Likewise with Weinrib’s Taming of Free Speech.  Weinrib is not making the kind of counterfactual argument Witt ascribes to the Fund’s “detractors.”  Goluboff certainly suggests that there was a more transformative, radical path needlessly abandoned by the NAACP.   Not so with Weinrib’s take on the ACLU.  She chronicles how the ACLU abandoned its early partisanship for the working class and labor’s “freedom to agitate” in favor of a “neutral principles” approach to free speech and civil liberties, which led the organization to litigate on behalf of all comers - for employers along with workers, right-wingers as well as leftists.  To show this, and to call it a “taming of free speech,” is not the same as contending that the ACLU made a moral and political blunder, or that the road not taken was a more promising one.   

It remains true, however, that the path the ACLU chose was one fairly described, in the critical legal history lingo Witt abjures, as legal liberalism.  Right now, legal liberalism does not look so bad.

Or not so bad in the arena of civil liberties and restraints on unbridled state actors.  Labor law is another matter.   Legal liberalism and liberal legalism have not been good for labor law, from labor’s perspective.  Witt offers a paean for the joinder of sit-down strikes and the creation of Wagner’s National Labor Relations Act.  But even in the immediate wake of the Switch in Time and the Court’s upholding of the Act, the Court set about its own taming of the Act, squarely outlawing and cutting off the “electricity of the sit-down strike” and other key weapons in labor’s arsenal – even before Congress got into the act with Taft-Hartley.  Like Banquo’s ghost, the old, repressive judge-made common law of labor-capital relations would not die.    And even in the salad days of the Warren Court, even the great liberals like Justice Brennan, SCOTUS carried on with doctrines that buried the right to strike in a legal black hole, and fulfilled many of the dire prophecies that the hard left offered up against Witt’s social democratic heroes and their efforts to enlist the state on labor’s side. 

The hidden logic of Witt’s historical amalgam may not be quite as tidy as Witt suggests.

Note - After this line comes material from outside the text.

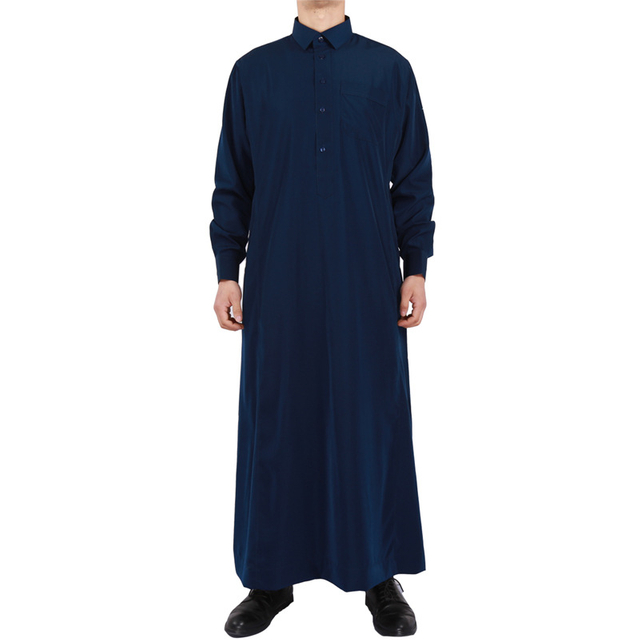 Arabic Design Casual Men's Muslim Islamic Wholesale Robe Thobe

Like the sit-downers, labor once more may have to resort to precarious illegalities along the uncertain way to rekindling a better future. And so too, with the new kinds of unions – of debtors, tenants, and others, whose legal scaffoldings left legal scholars have begun to imagine, and whose work Witt commends. 

Witt has produced a grand brief for reviving the social democratic vision.  And in the work ahead, his book is not only an intellectual tour de force but a welcome inspiration and a precious gift.